Some of the “moments” are lustful, such as a post from a user called “boner” that begins with “We were both waiting for the subway at Eberswalder and creeping around each other like tigers.” Others verge on stalkerish, like one from August 2014 where a user called “Looking for blonde angels” obsesses over a woman he glimpsed in 2003. “Help, I cannot forget you despite the long time… Please just give me the chance to tell you what I saw in your eyes then.”
Petra Reetz, the BVG’s head of press and Meine Augenblicke’s initiator, insists that “we are not a dating site.” Unlike Craigslist, Meine Augenblicke has a “red card” option that lets you block any messages or users that seem offensive. “Our idea was just to be nice,” says Reetz, who came up with the idea after a man called her around Christmas 2006 looking for the dream girl he’d spotted on the U6. Still, it’s difficult not to think of the (married) spokeswoman as a matchmaker as she asserts: “Write your name, write your station, and if you’re lucky, I will bring your moment back to you!”
But does it actually work? Reetz has no idea. “We are not sneaking around in your lives. For that reason, we never ask if people ever meet up, so we have no statistics of success rates. It’s up to people to use it.” All she knows is that the site receives some 30,000 visitors per month, although only 20,000 people have posted “moments” in the 11 years since it was created. “There are more people looking than posting… perhaps waiting to be found.”

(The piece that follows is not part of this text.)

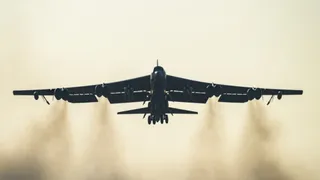  Pentagon is looking for drone bombers, but don't expect a B52 replacement, as they'd carry only an 18 lb payload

For Martin, a 40-year-old man who’s been living in Berlin for 20 years, the wait for a reply on Meine Augenblicke can be long and lonely. On November 19, he spotted a “blonde French girl with a bike and pump on the luggage rack who was accompanied by a friend”. Martin acknowledges: “Since she was French I doubt she knows about Meine Augenblicke. But of course, hope should never die, so why not give it a shot?”
Would it be easier to find her on Tinder? Reetz reflects: “Meine Augenblicke was a great idea 10 years ago, but now that young people are using all of these digital platforms, maybe you don’t need it anymore.” But Martin remains undaunted. “In comparison to all the swiping left-right apps, these moments are meaningful and come from a very personal and intimate experience in real life,” he tells us. “I gained much more from my moment with the French girl than I ever had with any dates from dating apps.”

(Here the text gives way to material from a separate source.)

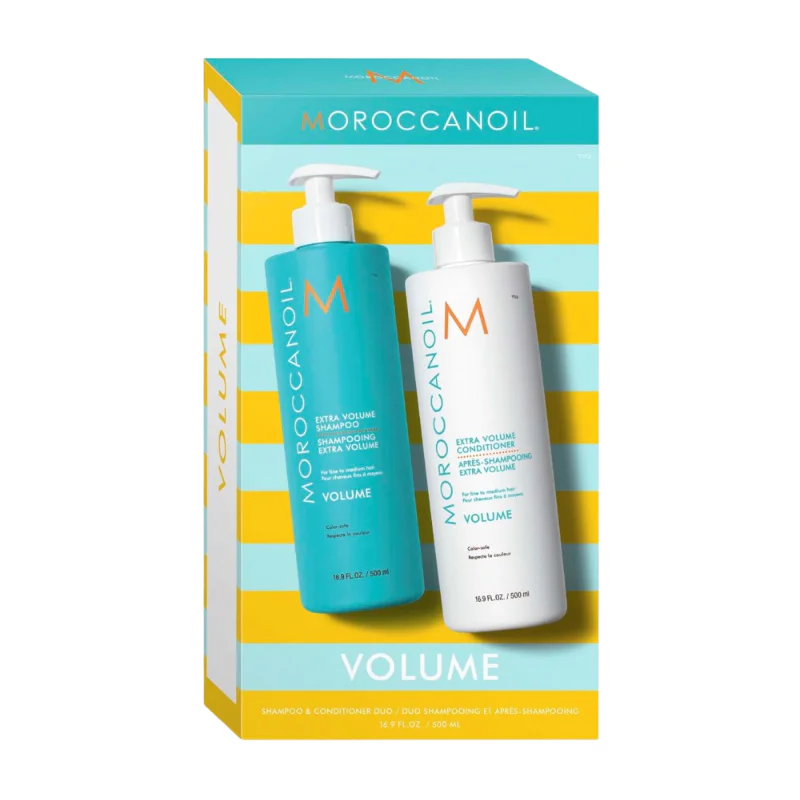 MOROCCANOIL Extra Volume Duo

And sometimes, you might be better off sticking with the idealised version of an encounter. Take Nicole’s handsome brunette. She posted an ad on Meine Augenblicke shortly after their intense few seconds of eye contact, and to her surprise, just a few days later, she received an answer from a man named Peter. “He gave some details that only someone who has really seen me would know, and he knew at which stop I got out, which I hadn’t pointed out before.”
After a week of email correspondence, they agreed to meet up. With butterflies in her stomach, she waited for Peter outside a Mitte coffee shop until finally, she was approached by a man who asked, “Hi, are you Nicole? I’m the guy from Meine Augenblicke.”
There was just one problem. This ‘Peter’ was nearing his fifties, and grey hair had replaced any trace of brown. Seeing her visible confusion, the man backpedalled and told her he too was expecting a different woman… but hey, now that they were both here, did Nicole want to go out for a drink with him anyway? Still shocked, Nicole refused and went home.
Despite her disappointment, Nicole remains positive – “At least I had half a moment!” – but advises future users not to exchange anything private. Would she ever use the platform again? She laughs. “If I have another moment, I hope I will be courageous enough to grab it when it happens.”